This blog was originally published in Impatient Optimists. Written by France Donnay, Gary Darmstadt and Ann Starrs.
This month, the Journal of Maternal-Fetal and Neonatal Medicine published a special issue that sheds new light on the indissoluble links between the health of a mother and that of her newborn baby. Its release comes just weeks after the Global Newborn Health Conference, and simultaneously with a State of the World’s Mothers 2013 report revealing that a baby’s first day is the most dangerous of its life.
That interconnections exist between maternal and newborn health is well known. Most maternal deaths are caused by the woman’s poor health before or during pregnancy, or by inadequate care in the critical hours and days during and just after childbirth; the same is true for most newborn deaths. And when a woman dies after giving birth, her death is far too often followed by the death of her newborn baby. And we know, based on substantial evidence, which interventions are best for improving maternal health and saving women’s lives, and which are effective for improving newborn survival.
What we didn’t sufficiently understand, until now, was the range of interventions that bring health and survival benefits to both mother and newborn. In this new study, a research team from Aga Khan University in Pakistan, working in collaboration with Family Care International and with support from the Bill & Melinda Gates Foundation, looked at more than 150 interventions, assessing them for impact on both maternal and neonatal outcomes. They then grouped the interventions into “packages of care” that can be effectively delivered at each of the key levels of care: community, health center, and hospital.
This study advances our knowledge in important ways. It reinforces the widely-recognized benefits, for women and their babies, of high-quality antenatal care, skilled birth attendance, and postpartum care, which are still too often insufficiently, ineffectively, or inequitably delivered. It highlights the crucial role of family planning, which can be used to delay and space pregnancies. It identifies a number of areas — including management of preconception diabetes, treatment of maternal depression, and community-based approaches for improving birth preparedness and care-seeking — which are currently neglected but could significantly improve maternal and newborn outcomes.
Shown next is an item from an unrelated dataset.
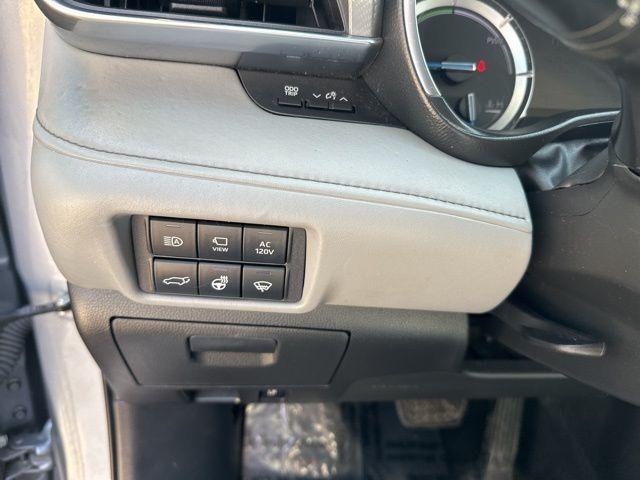 used 2022 Toyota Highlander Hybrid car, priced at $35,222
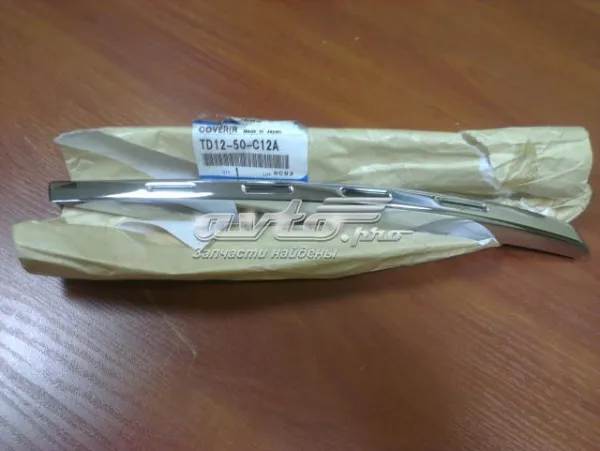 Ресничка (накладка) правой фары TD1250C12A Mazda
Most importantly, the findings send a clear message: that greater integration of maternal and newborn care — and, more broadly, of services across the reproductive, maternal, newborn, and child health (RMNCH) continuum of care — is one of our most promising strategies for strengthening efforts to save women’s and children’s lives.
This kind of integration may sound like an obvious step, but it is not always easy. Integration of services is critical if countries are to make substantial progress towards national health goals. It forces policy makers, donors, program managers, and health workers to find common ground among their varying constituencies, goals, and agendas; to understand the needs of women and their babies in new and different ways; and to design services that respond to these needs. It requires that the physical, financial, and human architecture of the health system be designed and constructed to efficiently and equitably deliver high-quality services across the continuum of care.
And yet, Progress on reducing maternal and newborn deaths has been too slow, and far too many women and babies die every day. Recognizing and acting on the crucial interconnections between maternal and newborn health revealed by this study, and the broader linkages that tie together the RMNCH continuum, can help save the lives of millions of women and children. The time to take action is now.